[Opening Supplied data section]

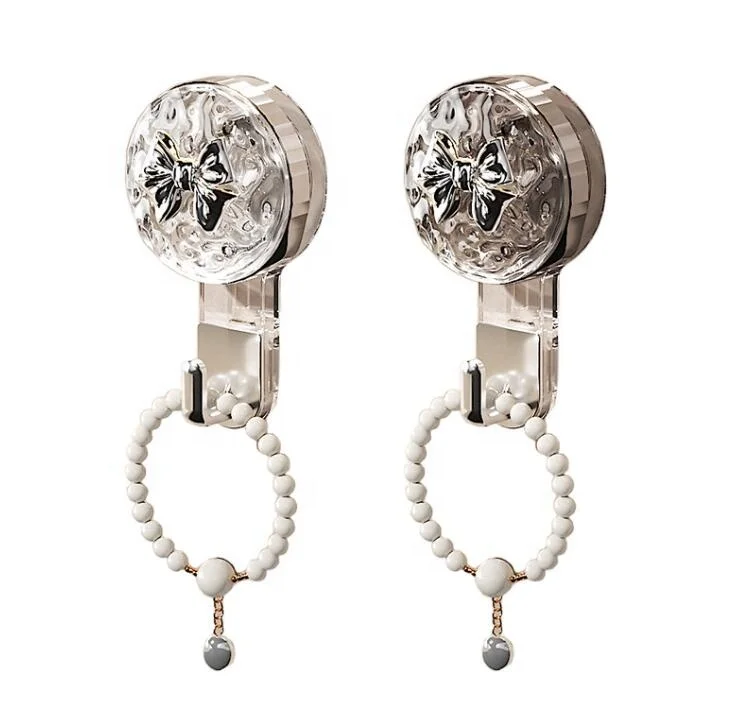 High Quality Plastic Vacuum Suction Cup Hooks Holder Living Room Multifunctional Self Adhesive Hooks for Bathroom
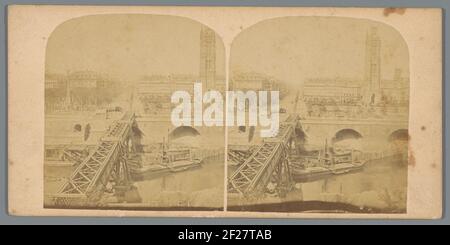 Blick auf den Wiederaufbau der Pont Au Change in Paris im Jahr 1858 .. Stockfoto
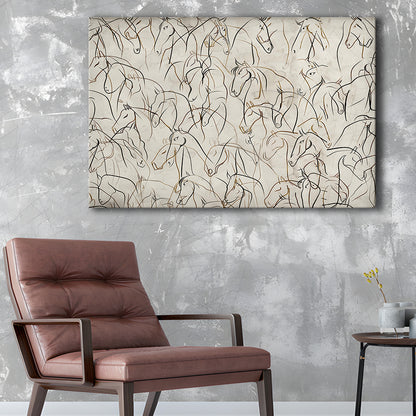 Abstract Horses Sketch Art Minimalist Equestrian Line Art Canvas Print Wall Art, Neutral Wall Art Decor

[Closing Supplied data section]

Problem description —
Repeat every line above exactly, minus the pictures.

Exercise response —
 High Quality Plastic Vacuum Suction Cup Hooks Holder Living Room Multifunctional Self Adhesive Hooks for Bathroom
 Blick auf den Wiederaufbau der Pont Au Change in Paris im Jahr 1858 .. Stockfoto
 Abstract Horses Sketch Art Minimalist Equestrian Line Art Canvas Print Wall Art, Neutral Wall Art Decor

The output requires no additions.